§ TASK DESCRIPTION
Starting at the first line below, copy through to the last line exactly.

Top of DATASET EXCERPT

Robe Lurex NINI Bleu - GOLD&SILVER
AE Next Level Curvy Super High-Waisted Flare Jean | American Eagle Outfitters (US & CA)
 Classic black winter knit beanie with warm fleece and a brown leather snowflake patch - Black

Bottom of DATASET EXCERPT

§ RESULT
Robe Lurex NINI Bleu - GOLD&SILVER
AE Next Level Curvy Super High-Waisted Flare Jean | American Eagle Outfitters (US & CA)
 Classic black winter knit beanie with warm fleece and a brown leather snowflake patch - Black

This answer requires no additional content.